* **TASK TO COMPLETE**
Output exactly the lines that run from the start of the records to the line with "In The Garden", counting both ends, and skip the pictures.

Records from a dataset
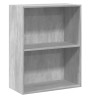 vidaXL Libreria 2 Ripiani Grigio Cemento 60x30x76,5 Legno Multistrato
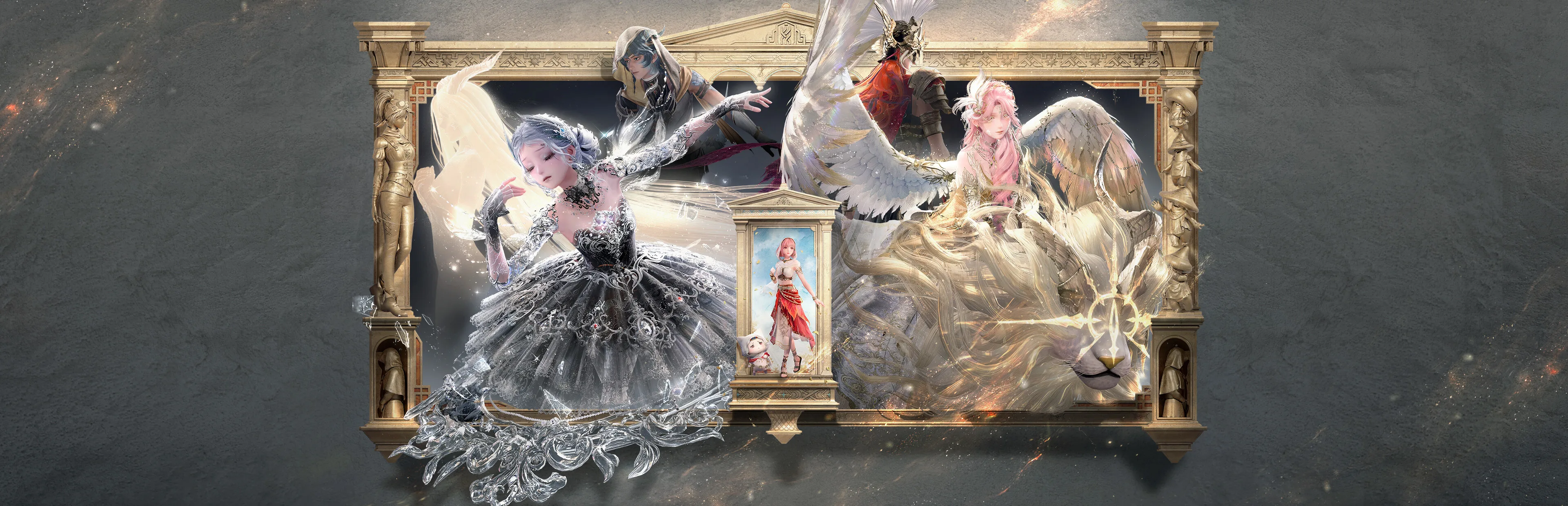 Nikki and the Golden Dust cast framed in Infinity Nikki Version 2.8 key art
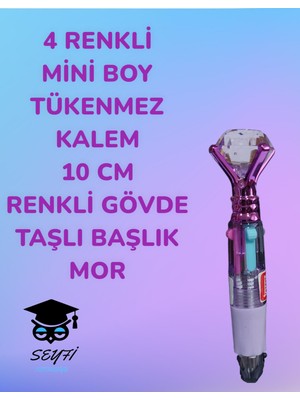 Seyfi Kırtasiye 4 Renkli  Mini Boy Tükenmez Kalem 10 cm  Renkli Gövde Taşlı Başlık Çok Renkli Tükenmez Kalem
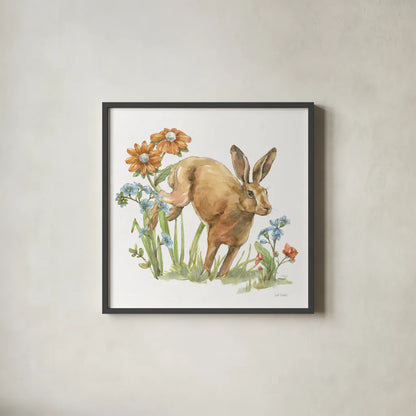 In The Garden IV by Leslie Trimbach. Shown in a sleek black glass frame for a contemporary gallery look. Available as an archival giclee rolled canvas, fine art paper, or poster print. SKU 85684a.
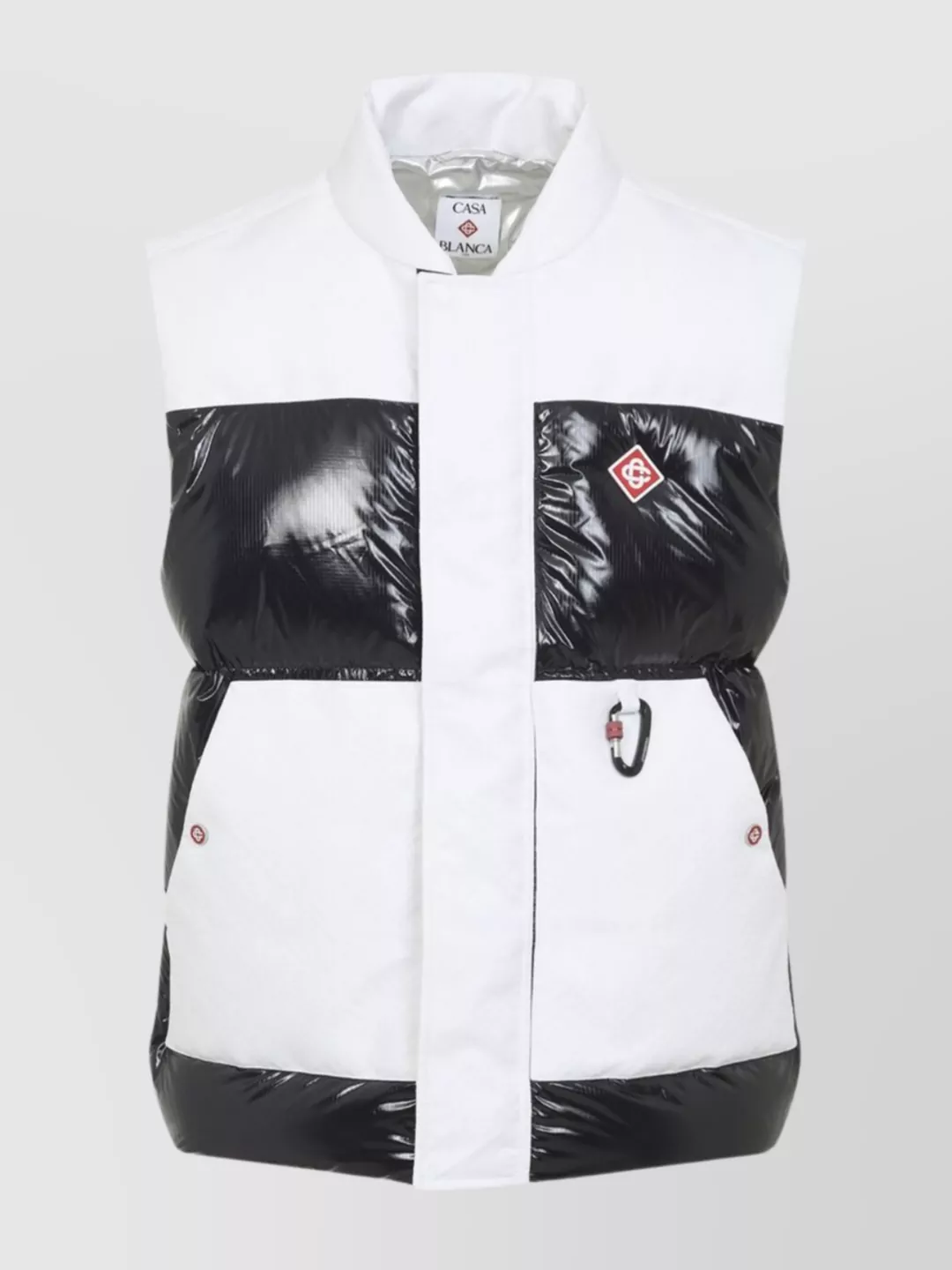 Casablanca Color-block Black Down Vest With Stand-up Collar In Black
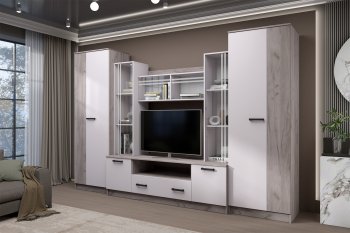 Стенка Николь-2 крафт серый/кашемир (Зарон) в Югорске - yugorsk.mebel-e96.ru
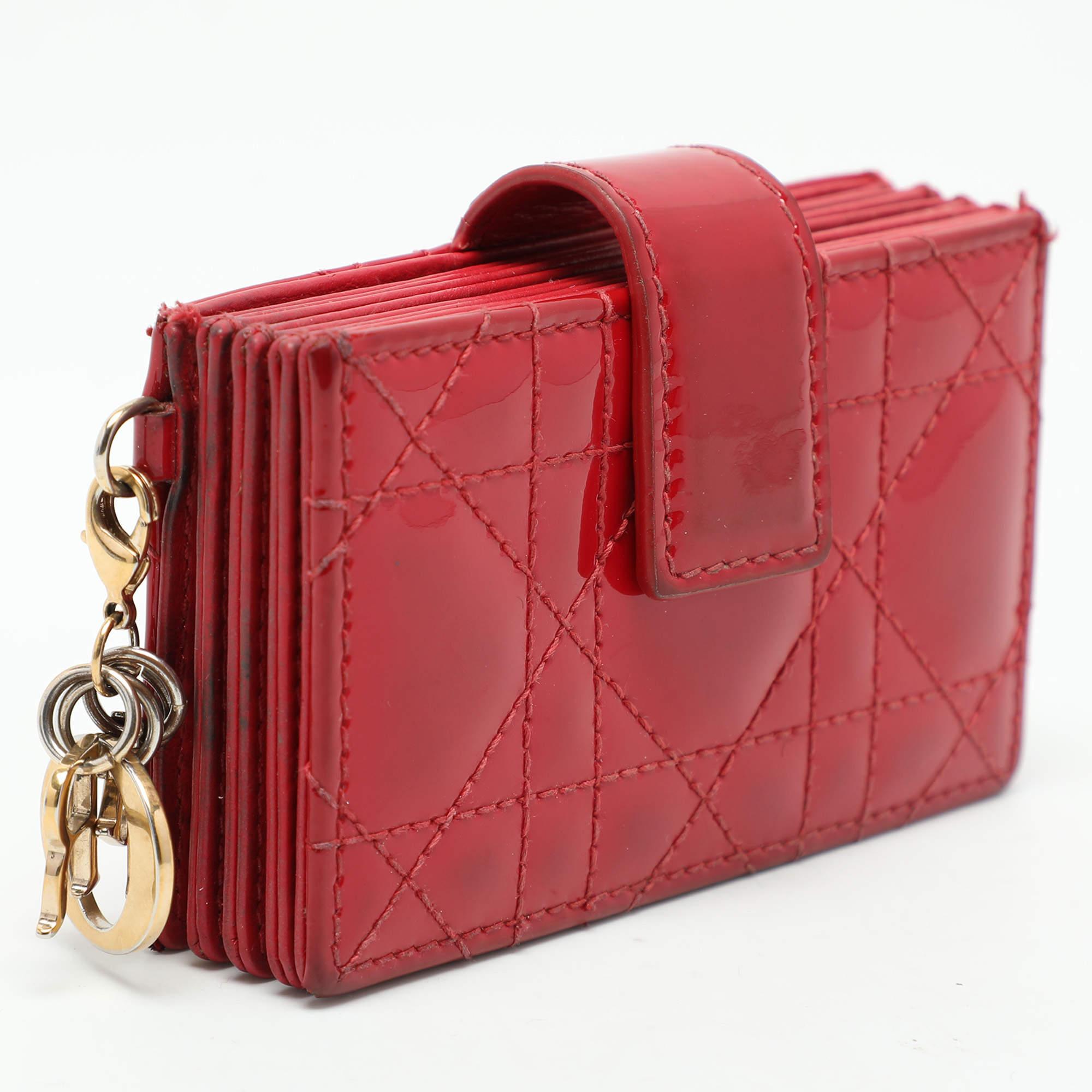 Dior Red Cannage Patent Leather Lady Dior Gusset Card Case In Fair Condition In Dubai, Al Qouz 2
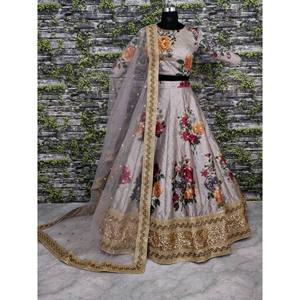 Grey Embroidered Silk Plus Size Lehenga Choli for <b>Wedding</b> Festivals - Product Image 2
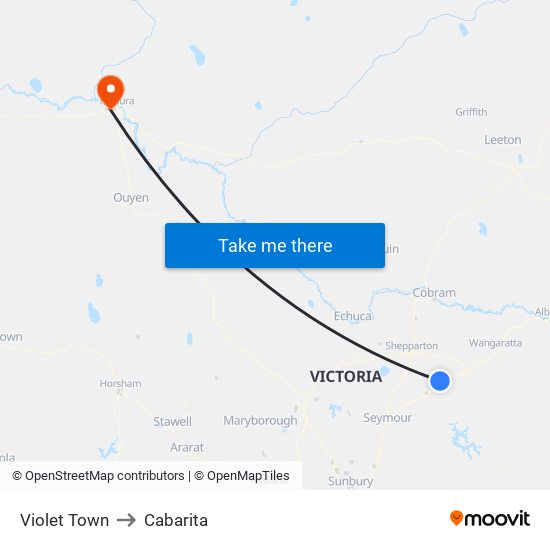 Violet Town to Cabarita map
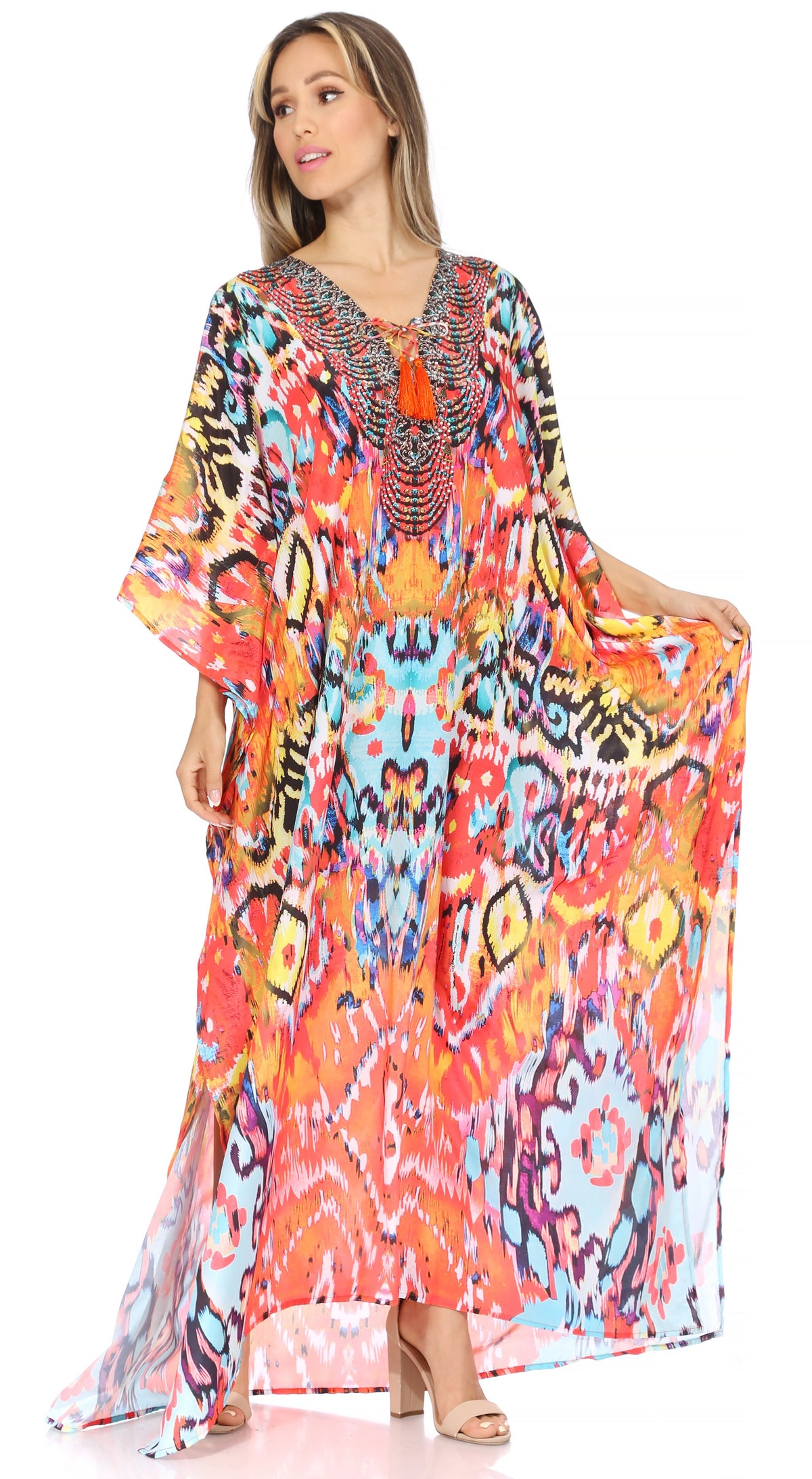 Rhinestone V-Neck Caftan Cover-Up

* **YOUR SOLUTION**
 vidaXL Libreria 2 Ripiani Grigio Cemento 60x30x76,5 Legno Multistrato
 Nikki and the Golden Dust cast framed in Infinity Nikki Version 2.8 key art
 Seyfi Kırtasiye 4 Renkli  Mini Boy Tükenmez Kalem 10 cm  Renkli Gövde Taşlı Başlık Çok Renkli Tükenmez Kalem
 In The Garden IV by Leslie Trimbach. Shown in a sleek black glass frame for a contemporary gallery look. Available as an archival giclee rolled canvas, fine art paper, or poster print. SKU 85684a.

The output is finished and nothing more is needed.